Le Conclusioni: Implicazioni per i Fornitori di Imprese in Crisi
Questa sentenza offre un importante monito per tutte le imprese che operano con partner commerciali in difficoltà finanziaria. Accettare pagamenti con ritardi significativi e costanti, senza formalizzare nuovi accordi, espone al serio rischio di dover restituire le somme incassate in caso di successiva procedura concorsuale. La ‘conoscenza dello stato di insolvenza’ non richiede una prova certa, ma può essere dedotta da un insieme di circostanze che rendono verosimile tale consapevolezza. Per i fornitori, diventa quindi cruciale monitorare attentamente la regolarità dei pagamenti e valutare con prudenza la prosecuzione di rapporti commerciali con clienti che mostrano evidenti e persistenti segnali di crisi.
Quando un pagamento può essere considerato effettuato ‘nei termini d’uso’ per evitare l’azione revocatoria?
Un pagamento è considerato ‘nei termini d’uso’ quando rispetta le condizioni di tempo, luogo e modalità concretamente pattuite tra le parti o quelle normali del settore.
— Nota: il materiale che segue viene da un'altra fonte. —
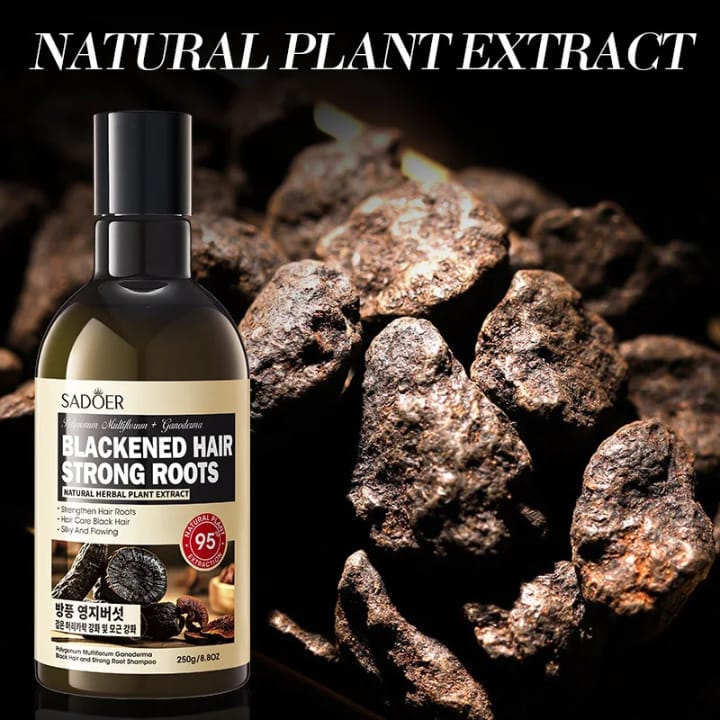 067ef143c7205baaa79ccb4765b6d35f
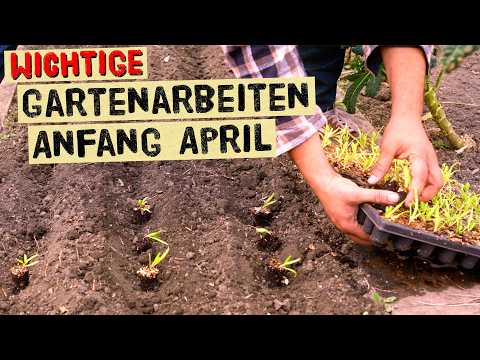 Gartenarbeiten im Gemüsegarten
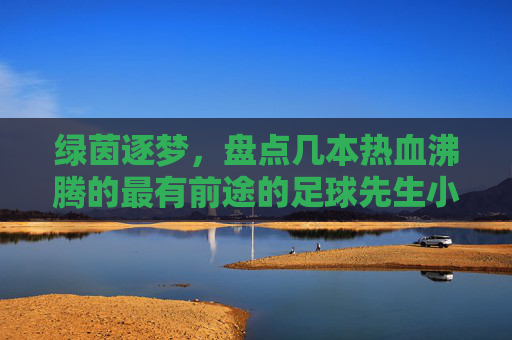绿茵逐梦,盘点几本热血沸腾的最有前途的足球先生小说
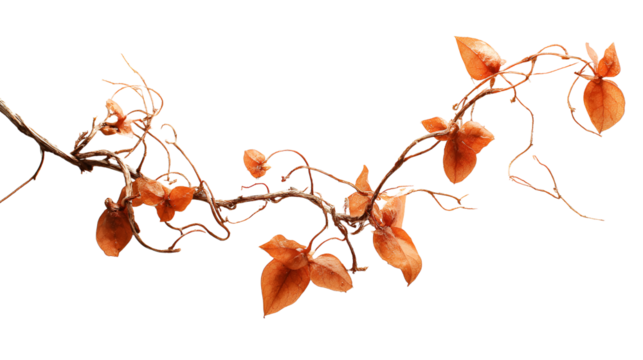 Delicate Brown Twig with Autumn Leaves - Powered by Adobe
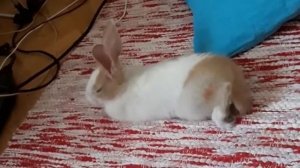 Awakening a sleeping bunny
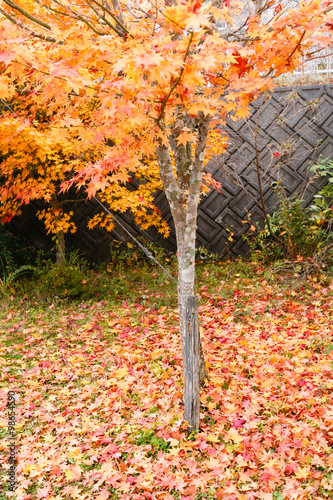 Maple tree in autumn,Maple leaves are falling on the floor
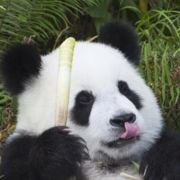 爱玩的小熊猫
Non rientrano in questa categoria i pagamenti eseguiti con notevole ritardo o secondo prassi anomale e patologiche, a meno che non sia stata formalmente concordata una modifica delle condizioni originarie.
Come può essere provata la conoscenza dello stato di insolvenza del debitore da parte del creditore?
La prova può essere fornita con ogni mezzo, anche attraverso presunzioni. Nel caso esaminato, elementi decisivi sono stati: la consapevolezza di un debito residuo molto elevato e di continui inadempimenti, la natura stretta del rapporto commerciale (cliente e fornitore allo stesso tempo) e la notorietà della crisi aziendale attraverso notizie di stampa e allarmi sindacali.
Un pagamento effettuato con notevole ritardo rispetto alla scadenza contrattuale è soggetto ad azione revocatoria?
Sì. Secondo la sentenza, un pagamento eseguito con un ritardo significativo e non giustificato da un nuovo accordo formale non rientra nei ‘termini d’uso’ e, pertanto, non beneficia dell’esenzione dalla revocatoria. Se, inoltre, il creditore era a conoscenza dello stato di insolvenza del debitore, il pagamento può essere dichiarato inefficace e deve essere restituito alla procedura.